When drafting the Virginia Declaration of Rights in 1776 – George Mason put in a sentence regarding the free and secular Government that James Madison improved in a small, but very important way.

The original called for: “the fullest toleration in the exercise of religion.”

Madison rewrote this to: “All men are equally entitled to the full and free exercise of religion”

And his argument was this:

Toleration implies those who tolerate: superiors who grant freedom to others. But who can be trusted to pass such judgments, even if the judgment is to live and let live?

[..] No one could be said to allow men to worship as they wished; they worshipped as they wished because it was their right as men. Madison’s language shifted the ground of religious liberty from a tolerant society or state, to human nature, and lifted the Declaration of Rights from an event in Virginia history to a landmark of world intellectual history.

Well done.


9 thoughts on “Nuance of Language – by James Madison.

    • Hi Yuma!
      Thanks for commenting – and I think you’re right.. throughout history the potential of using religion for political purposes is just too effective – to let it be. It is separated for a while, but then gets muddled into things, over and over..

  1. I love Madison. Brilliant man, and yet his presidency wasn’t brilliant. Not even Madison was perfect. But I would love to have dinner with him and pick his brain. And I bet his wife was a hoot!

    • Oh yes – that would’ve made some great conversation!
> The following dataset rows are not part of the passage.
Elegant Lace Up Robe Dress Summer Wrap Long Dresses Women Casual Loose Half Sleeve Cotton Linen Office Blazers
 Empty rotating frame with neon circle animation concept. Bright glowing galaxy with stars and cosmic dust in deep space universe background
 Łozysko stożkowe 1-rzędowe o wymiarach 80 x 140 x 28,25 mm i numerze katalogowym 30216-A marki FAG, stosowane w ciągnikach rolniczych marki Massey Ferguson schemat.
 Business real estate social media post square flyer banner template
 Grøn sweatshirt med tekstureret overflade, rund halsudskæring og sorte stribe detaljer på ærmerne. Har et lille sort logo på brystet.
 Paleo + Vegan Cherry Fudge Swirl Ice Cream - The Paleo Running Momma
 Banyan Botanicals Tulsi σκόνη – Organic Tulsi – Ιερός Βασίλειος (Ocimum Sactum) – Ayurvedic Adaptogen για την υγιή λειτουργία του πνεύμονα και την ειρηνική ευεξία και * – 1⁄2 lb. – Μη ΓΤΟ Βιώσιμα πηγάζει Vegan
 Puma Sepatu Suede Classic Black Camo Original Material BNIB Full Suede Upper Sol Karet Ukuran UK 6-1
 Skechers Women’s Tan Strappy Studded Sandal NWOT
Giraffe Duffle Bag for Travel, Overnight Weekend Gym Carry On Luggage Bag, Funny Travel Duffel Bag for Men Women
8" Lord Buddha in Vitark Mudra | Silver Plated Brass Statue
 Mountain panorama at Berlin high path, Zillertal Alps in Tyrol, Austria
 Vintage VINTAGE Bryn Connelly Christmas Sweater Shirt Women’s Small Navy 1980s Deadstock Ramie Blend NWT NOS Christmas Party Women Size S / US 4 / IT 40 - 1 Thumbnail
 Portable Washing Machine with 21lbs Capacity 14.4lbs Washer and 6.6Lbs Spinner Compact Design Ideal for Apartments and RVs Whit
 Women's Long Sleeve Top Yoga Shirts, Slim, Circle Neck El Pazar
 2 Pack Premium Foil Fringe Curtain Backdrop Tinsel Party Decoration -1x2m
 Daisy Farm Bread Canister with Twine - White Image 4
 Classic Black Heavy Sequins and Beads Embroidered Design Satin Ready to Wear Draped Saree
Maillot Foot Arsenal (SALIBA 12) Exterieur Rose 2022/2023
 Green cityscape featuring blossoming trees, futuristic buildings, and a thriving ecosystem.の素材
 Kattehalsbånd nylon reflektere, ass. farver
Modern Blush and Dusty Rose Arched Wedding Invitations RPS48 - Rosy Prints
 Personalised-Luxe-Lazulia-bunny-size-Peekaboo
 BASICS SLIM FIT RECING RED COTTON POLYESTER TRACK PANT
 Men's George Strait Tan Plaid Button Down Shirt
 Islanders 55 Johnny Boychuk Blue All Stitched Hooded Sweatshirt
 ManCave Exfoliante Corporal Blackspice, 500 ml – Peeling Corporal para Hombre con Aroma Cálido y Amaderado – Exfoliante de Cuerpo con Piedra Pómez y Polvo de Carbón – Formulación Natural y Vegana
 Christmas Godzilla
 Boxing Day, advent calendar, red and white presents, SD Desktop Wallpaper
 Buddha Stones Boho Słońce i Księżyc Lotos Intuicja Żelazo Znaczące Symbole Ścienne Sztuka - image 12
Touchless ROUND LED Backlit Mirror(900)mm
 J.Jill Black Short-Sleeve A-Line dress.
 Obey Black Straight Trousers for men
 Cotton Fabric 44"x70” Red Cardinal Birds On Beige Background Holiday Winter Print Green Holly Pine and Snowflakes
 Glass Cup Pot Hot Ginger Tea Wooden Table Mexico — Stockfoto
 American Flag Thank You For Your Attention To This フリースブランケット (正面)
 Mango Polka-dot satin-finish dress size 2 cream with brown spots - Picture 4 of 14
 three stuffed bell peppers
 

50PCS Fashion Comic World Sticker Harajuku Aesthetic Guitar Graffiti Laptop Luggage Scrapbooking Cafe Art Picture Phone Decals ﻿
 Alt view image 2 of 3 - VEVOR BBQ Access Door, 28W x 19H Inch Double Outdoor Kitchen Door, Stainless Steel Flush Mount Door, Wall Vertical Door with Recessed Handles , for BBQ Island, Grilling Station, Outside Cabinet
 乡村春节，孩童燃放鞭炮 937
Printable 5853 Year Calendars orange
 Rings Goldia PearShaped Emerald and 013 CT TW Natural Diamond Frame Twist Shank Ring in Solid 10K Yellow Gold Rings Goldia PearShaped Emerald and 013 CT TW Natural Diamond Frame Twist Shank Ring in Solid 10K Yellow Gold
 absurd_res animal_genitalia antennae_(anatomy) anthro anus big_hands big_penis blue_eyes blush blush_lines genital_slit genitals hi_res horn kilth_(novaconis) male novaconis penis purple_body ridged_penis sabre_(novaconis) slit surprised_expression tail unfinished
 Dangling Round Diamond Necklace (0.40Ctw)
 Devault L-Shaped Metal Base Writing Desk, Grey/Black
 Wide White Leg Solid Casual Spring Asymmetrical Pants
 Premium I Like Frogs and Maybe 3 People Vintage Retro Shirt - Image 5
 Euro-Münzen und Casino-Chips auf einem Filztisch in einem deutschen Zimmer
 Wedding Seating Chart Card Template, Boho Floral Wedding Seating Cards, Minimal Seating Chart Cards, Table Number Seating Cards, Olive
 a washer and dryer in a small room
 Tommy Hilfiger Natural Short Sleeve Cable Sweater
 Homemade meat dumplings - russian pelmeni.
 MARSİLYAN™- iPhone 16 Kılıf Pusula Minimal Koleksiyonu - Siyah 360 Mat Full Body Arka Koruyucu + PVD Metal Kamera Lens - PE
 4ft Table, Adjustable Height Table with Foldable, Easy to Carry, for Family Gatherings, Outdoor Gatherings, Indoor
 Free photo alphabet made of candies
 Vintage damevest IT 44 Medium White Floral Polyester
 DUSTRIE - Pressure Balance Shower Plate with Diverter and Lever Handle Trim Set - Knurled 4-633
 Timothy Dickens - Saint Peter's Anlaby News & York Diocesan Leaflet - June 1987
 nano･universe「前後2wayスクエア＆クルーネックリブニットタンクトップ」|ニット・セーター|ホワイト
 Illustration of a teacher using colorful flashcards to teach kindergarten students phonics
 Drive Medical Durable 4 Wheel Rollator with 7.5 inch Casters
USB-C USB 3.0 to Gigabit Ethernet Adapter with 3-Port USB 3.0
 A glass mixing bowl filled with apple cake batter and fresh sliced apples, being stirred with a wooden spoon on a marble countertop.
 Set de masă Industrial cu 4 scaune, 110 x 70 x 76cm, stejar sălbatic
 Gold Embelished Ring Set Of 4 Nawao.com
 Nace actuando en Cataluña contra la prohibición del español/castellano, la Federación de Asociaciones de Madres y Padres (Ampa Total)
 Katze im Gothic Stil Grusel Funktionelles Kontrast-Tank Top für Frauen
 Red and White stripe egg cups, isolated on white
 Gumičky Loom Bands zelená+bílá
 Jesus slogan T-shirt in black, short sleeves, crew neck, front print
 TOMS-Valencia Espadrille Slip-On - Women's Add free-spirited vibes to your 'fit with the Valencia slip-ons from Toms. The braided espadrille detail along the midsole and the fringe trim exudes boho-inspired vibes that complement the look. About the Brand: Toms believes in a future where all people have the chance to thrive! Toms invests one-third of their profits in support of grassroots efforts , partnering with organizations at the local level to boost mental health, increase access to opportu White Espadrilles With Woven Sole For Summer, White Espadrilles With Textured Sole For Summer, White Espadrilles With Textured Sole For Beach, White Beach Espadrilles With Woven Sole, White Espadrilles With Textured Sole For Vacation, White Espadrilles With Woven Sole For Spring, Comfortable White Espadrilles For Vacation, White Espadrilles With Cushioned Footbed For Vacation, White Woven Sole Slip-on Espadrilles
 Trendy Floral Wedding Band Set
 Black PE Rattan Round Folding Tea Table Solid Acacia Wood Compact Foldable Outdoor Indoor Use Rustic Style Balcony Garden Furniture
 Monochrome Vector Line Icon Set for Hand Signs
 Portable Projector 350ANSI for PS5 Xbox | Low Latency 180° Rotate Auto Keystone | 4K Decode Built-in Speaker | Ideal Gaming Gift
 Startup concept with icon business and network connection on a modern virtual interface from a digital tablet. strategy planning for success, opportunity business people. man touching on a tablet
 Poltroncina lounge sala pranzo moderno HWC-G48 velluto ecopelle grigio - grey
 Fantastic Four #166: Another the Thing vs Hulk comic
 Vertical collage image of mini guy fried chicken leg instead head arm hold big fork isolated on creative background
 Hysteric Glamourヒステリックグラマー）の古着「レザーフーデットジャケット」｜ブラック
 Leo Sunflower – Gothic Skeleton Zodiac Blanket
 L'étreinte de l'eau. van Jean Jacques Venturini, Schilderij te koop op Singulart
And his work on the Federalist Papers is immense – even if he and Hamilton had very different agendas it seems.
      Not sure what Madison would’ve thought about our times with the last decade and Citizen United though…

  2. Well said, well said. And speaking of “nuance of language” and James Madison, it’s so apropos that I mention my online name MadJamison was purposely created by twisting James Madison’s name around!

  3. When pondering such ideas it’s a good idea to remind ourselves of the emphasis of particular words in their timely context. The word toleration probably had a bit of a different emphasis at that time and we must also consider that worldwide religions were not on that platform as yet. He most likely was thinking of the different denominations of Christian sects and not Buddhism or Hinduism. However, I believe that as Americans his words should still have a modern impact for us and learn to appreciate the best aspects of each new religion as it is introduced to us.
    How does that sound ?

    • Interesting input, and a different perspective!

      In the post the emphasis was intended to be more on the difference between stating an inherent freedom for folks, vs. stating that the government is “allowing” things. I think the point Madison wanted to make was that it is not the place of government to judge on this matter – but something that preceeds the construction of the state. As a natural given.